I thought the point of view of the story very interesting, and it kept me reading--although overall this book ranked a "so-so" among my latest reading. The research showed too much for my tastes--distracting me from the story--and I didn't find the prince/beast's motivation to travel all the way to France believable. Still, I think it gives a nice twist to the "Beauty and the Beast."

All the best,
Alice

Terri Windling
Registered User
(3/6/04 10:00 am)
Re: Prince
I liked Beast quite a lot. It's not necessarily my favorite of Napoli's wonderful fairy tale books, but I did enjoy her twists on the tale, and the unusual setting.

RymRytr1
Registered User
(3/8/04 10:02 am)
Re: Prince
Realistically, when the tales were being told by the poverty stricken poor, would you want your poor daughter to hear a story where (she) the girl in the story, is rescued by Billy, the lame Butcher's son?

Entertainment for them was all imagination. To have a Princess in a story is akin to Barbie Dolls now. Little girls play with Barbie and all her rich Accouterments. Everything from being a rock star to laying on the beach in the Bahamas. If you created a tale today, you could reverse the rolls and say that the Mayor's son (usually middle class) was saved by the beautiful daughter of a street person, or by someone rich and famous, like Madonna?

The King and his family were folks to be envied. Every parent hoped that someday, their children might break out of the circle of poverty and become a member of, at the least, the lower classes, (not the lowest). Perhaps to marry a Lord's Bastard, who generally, was better off then the villagers.

Remember economics and gender rolls of the period, when asking why this or that. As my old Da (Dad) would say when I whined about something that had already happened, "That was then, this is now.

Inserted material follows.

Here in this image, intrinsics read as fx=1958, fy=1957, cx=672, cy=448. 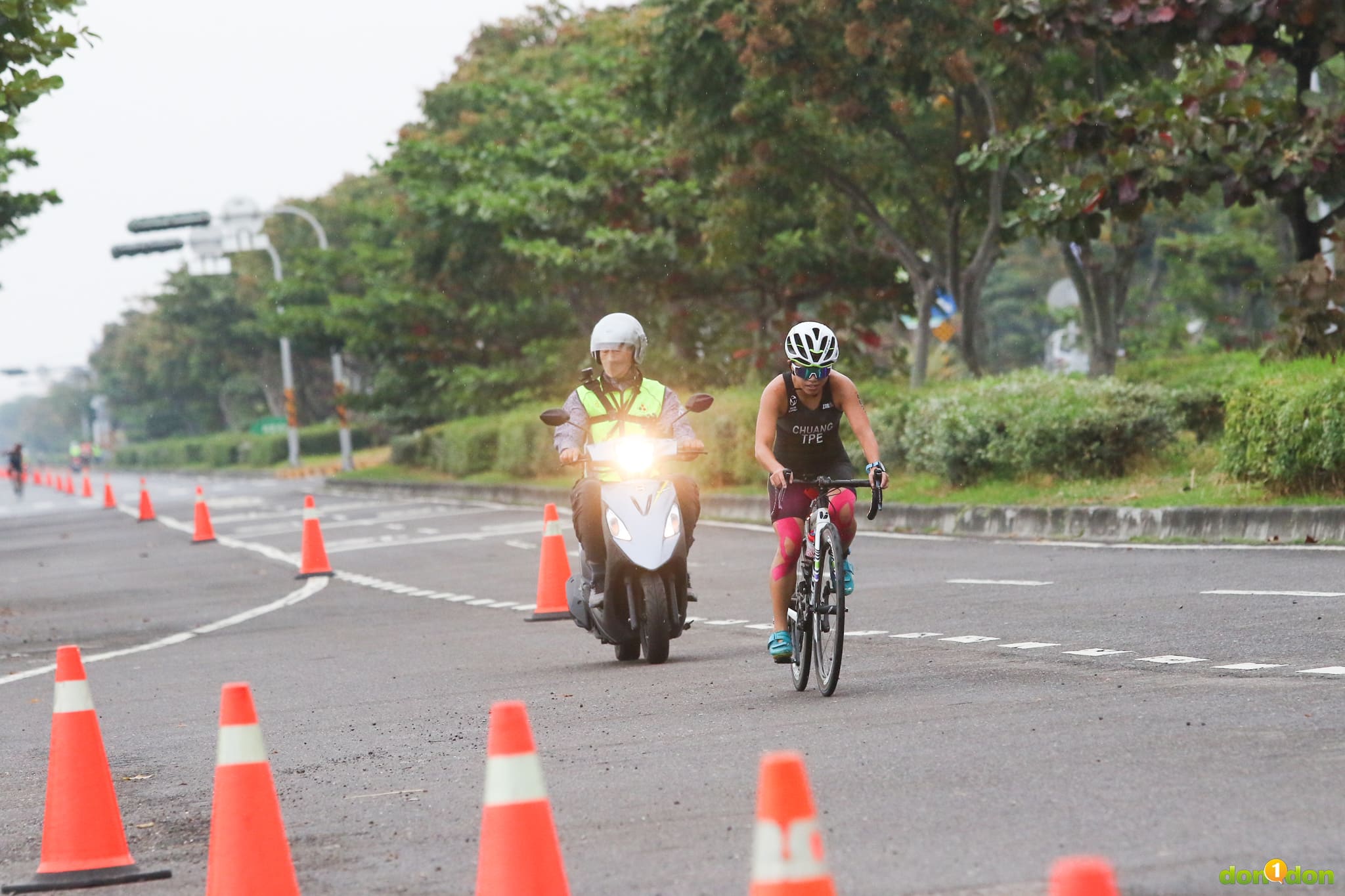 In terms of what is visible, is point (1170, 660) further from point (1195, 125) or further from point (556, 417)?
point (1195, 125)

You can't put Humpty Dumpty together again, once you've made an Omelet."

Rosemary Lake
Registered User
(3/15/04 10:47 pm)
Calvino's ITALIAN FOLK TALES
Helen wrote:
It's just that the process of bowdlerization infuriates me on the whole, and I've seen a lot of reactions to the genre that read the sexist attitudes of, say, 1850 to 1950 (with some definite exceptions) as being somehow inherent to the discipline as a whole.
----------

Maybe there are new people in this topic who haven't heard me say I think Calvino's ITALIAN FOLK TALES gives a great perspective on what the percentages may have been before the Grimms did their selection.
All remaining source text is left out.